We are drifting away from the basic constitutional and legal principles that have made the American justice system the best one in the world. Let me begin with the constitutional principle of federalism. In this city, it is considered almost impertinent to remind Senators, and people who work on the White House staff, that the powers of the federal government are actually limited to those spelled out in the Constitution. For much of our history, crime-fighting was understood to be an issue for local government. But, over the years, Congress continued to pass more and more federal criminal laws. Those laws are based on a dubious reading of the Commerce Clause of the Constitution.

One of the most recent proposals that has been in the news lately is a ban on so-called “hate crimes.” They call it the “Hate Crimes Prevention Act.” But if you think about it for just a moment, you’ll realize that this law isn’t going to prevent anything. A criminal who is already inclined to shoot another person, or stab another human being, is not going to stop because Congress has passed the Hate Crimes Prevention Act. That idea is pure fantasy. It’s not going to prevent any hate crime from happening. These pieces of legislation simply give members of Congress the opportunity to posture as problem solvers.

Closely related is the constitutional safeguard against double jeopardy, the idea that nobody should be tried twice for the same offense. But every time Congress federalizes something that’s already on the books at the state or local level, the double jeopardy protection is weakened because of legal precedents that say that the federal government and state governments are separate sovereigns. Those precedents allow federal prosecutors to come back with a federal indictment even after someone has been tried in the state court system. In the beginning this wasn’t much of a problem because there were only a handful of federal crimes. But as the number of federal crimes increases, the double jeopardy protection is weakened.

The next safeguard under assault is the jury trial. The Sixth Amendment to the Constitution says that in all criminal prosecutions, the accused shall have the right to trial by jury. Reading this, you could easily get the misleading impression that most of our criminal cases are adjudicated by juries, but that’s not the system that we have. We’ve moved over to a system of charge and sentence bargaining. You do see the occasional trial on TV, but those are the exceptional cases. More than 95 percent of the criminal cases in America do not go to trial but are instead resolved through plea bargains.

Our courthouses are filled with majestic courtrooms but they’re vacant most of the day. The real action is out in the hallways where prosecutors bargain with defense counsel in plea negotiations. Plea bargaining rests upon the legal fiction that the government does not retaliate against people who want to take their case to trial. What they do say is: “Look, if you take the deal and plead guilty you’ll get a year. If you insist on going to trial, we’re going to throw the book at you — you’ll be looking at 20 years.” With that kind of pressure, most people cave in and plead guilty. A federal judge in Massachusetts, William Young, wrote in one of his rulings, “Criminal trial rates in Massachusetts and the country at large are plummeting due to the simple fact that nowadays we punish people — and punish them severely — simply because they want to take their case to trial.”
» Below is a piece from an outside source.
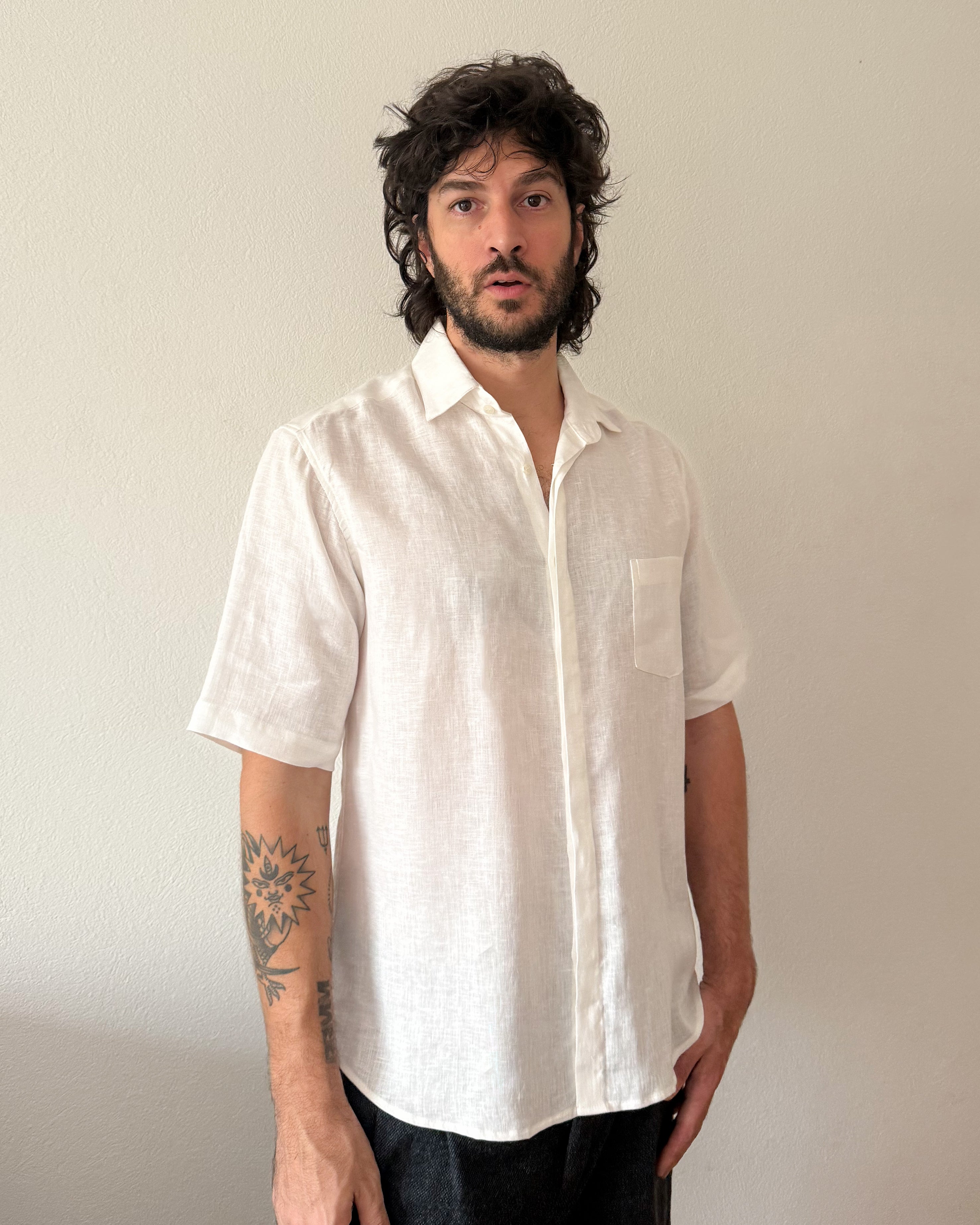 Camisa Miguel Linho Manga Curta Off White - Iara Wisnik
The Sixth Amendment also guarantees our right to a speedy trial. But this is another protection that is being watered down. There was a case in North Carolina a few years ago where a man pointed out to the courts that he’d been in jail for four years and had not yet had a trial. Surely, he said, four years is a blatant violation of the speedy trial guarantee. The government attorneys came back and said, “Not so fast. Our courthouses are clogged with cases and we’ve had some staffing shortages. Because we’ve been experiencing these problems — and haven’t acted with any particular vindictiveness against this particular guy — the Constitution was not violated.” The appellate court agreed — but two justices on the North Carolina Supreme Court filed a strong dissent. They said that the speedy trial guarantee goes all the way back to Magna Carta, and that no one in the state would consider a four-year delay acceptable if their spouse had been involved or if their son or daughter had been involved. They asked, “What happens if the congestion in our courts continues or gets even worse? Where are we going to be in ten years? Are eight-year delays going to become an acceptable norm in our jurisprudence?” The majority of the North Carolina Supreme Court did not respond. The Fifth Amendment says that no one can be deprived of their liberty without due process of law. But there are very harsh theories of “strict liability” that have been creeping into our law, which, boiled down, mean that the circumstances don’t matter. If certain basic facts can be shown, then the defendant is guilty and cannot bring any additional facts into court to show the jury.

A few years ago a man was replacing carpeting in a room he was renting. As he was ripping up the carpet, he found a bullet. So he took it, put it in a dish on the dresser, and forgot about it. Months later he got into a dispute with his ex-girlfriend. She had called the police and accused him of taking some of her personal possessions. He let the police into his room so he could show them that he didn’t have whatever property she’d accused him of having. As the police were looking around, they found the bullet in the dish in his bedroom. He is now serving a 15-year mandatory sentence for possessing the bullet, because there is a federal law that says felons cannot possess ammunition. He had a felony record, but was back in the community trying to reestablish himself.

He had a felony record — there’s no disputing that — and he explained to the police the circumstances in which he’d found the bullet and why he’d put it on the dresser. But he was a felon and the bullet was in his bedroom. There was nothing more he could tell the jury to escape liability. That’s how harsh these theories of strict liability are. People cannot show the jury that they acted in good faith, or explain the circumstances in which things happen. This is another disturbing legal trend.

Finally, we can’t have a discussion at the Cato Institute about the criminal justice system without talking, at least briefly, about drug policy. It seems to me that policymakers today are making all the same mistakes we made with alcohol prohibition. Alcoholism was, and is, a serious problem, but the ban was totally counterproductive. People continued to drink, gangster organizations got rich off the black market, and all we got was a lot of crime and corruption. We’re seeing the same thing today with drug crimes. Drug addiction is a problem, but the drug war is counterproductive. We’re pouring billions of dollars every year into this war, but it hasn’t stopped drugs from coming into the country, hasn’t stopped people using drugs, and hasn’t kept drugs away from our schools. What we have experienced is a lot of crime, corruption, and curtailment of our civil and constitutional rights.

The drug laws have created a cruel lottery system of arrest and incarceration. Some people, like our own President Barack Obama, have won the drug enforcement lottery in that they’ve escaped arrest and gone on to live successful lives. But thousands of others have lost the drug enforcement lottery, and they are the ones who get a criminal record and often serve jail time. Their lives are fundamentally altered. The conservative William F. Buckley Jr. and the economist Milton Friedman were right: the sooner we end the drug war, the better.

To conclude, let me express my agreement with those who say that America has the best criminal justice system in the world. But we have to take a sober, clear-eyed view of the trends that are underway. We are drifting away from our basic constitutional principles. The key question is what the American justice system is going to look like 20 or 30 years from now. The principles I’ve been discussing — federalism, jury trial, speedy trial, double jeopardy — are as important today as they were 200 years ago. It is imperative that we come to the defense of these principles, because, if we don’t, we’re going to lose them. And if we lose these procedural guarantees, then we will lose the free society that they were designed to secure.